What is required – Copy exactly the lines of the records below, and only those lines, beginning with the line that contains "Professional-grade scouting software" and ending with the line that contains "ภาพ No.152475:พิธียกฉัตรขาว 5".

Available data –
----------------------------------------

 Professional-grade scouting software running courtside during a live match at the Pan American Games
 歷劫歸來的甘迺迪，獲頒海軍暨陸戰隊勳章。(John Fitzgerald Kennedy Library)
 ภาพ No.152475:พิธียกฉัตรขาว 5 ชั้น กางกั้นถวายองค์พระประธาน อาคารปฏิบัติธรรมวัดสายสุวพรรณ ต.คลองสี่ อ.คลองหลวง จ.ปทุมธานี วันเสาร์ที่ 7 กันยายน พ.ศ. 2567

----------------------------------------

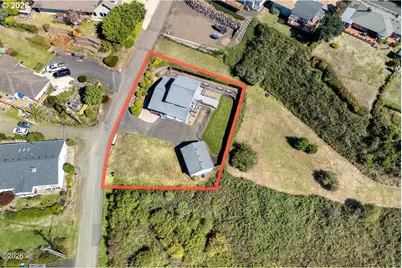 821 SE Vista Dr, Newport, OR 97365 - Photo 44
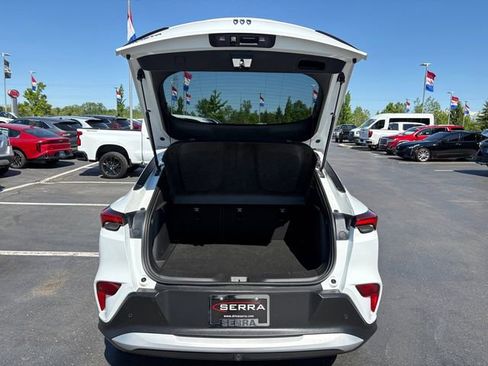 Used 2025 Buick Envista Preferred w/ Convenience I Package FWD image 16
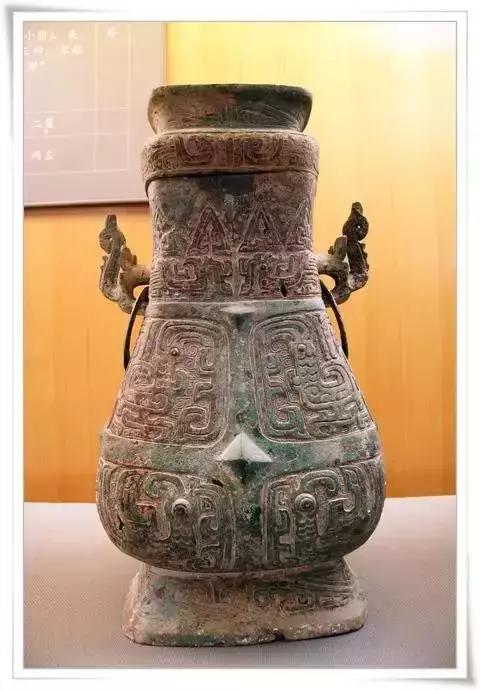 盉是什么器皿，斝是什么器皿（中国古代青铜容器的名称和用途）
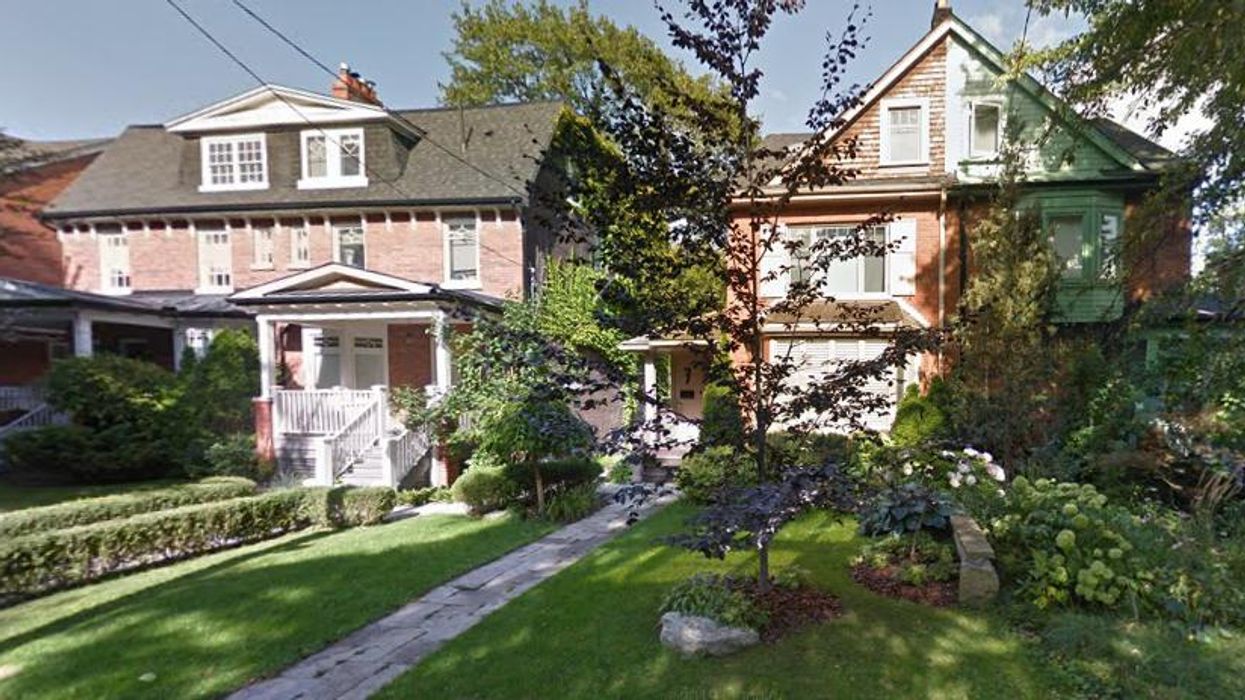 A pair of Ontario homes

----------------------------------------

Response to the task –
 Professional-grade scouting software running courtside during a live match at the Pan American Games
 歷劫歸來的甘迺迪，獲頒海軍暨陸戰隊勳章。(John Fitzgerald Kennedy Library)
 ภาพ No.152475:พิธียกฉัตรขาว 5 ชั้น กางกั้นถวายองค์พระประธาน อาคารปฏิบัติธรรมวัดสายสุวพรรณ ต.คลองสี่ อ.คลองหลวง จ.ปทุมธานี วันเสาร์ที่ 7 กันยายน พ.ศ. 2567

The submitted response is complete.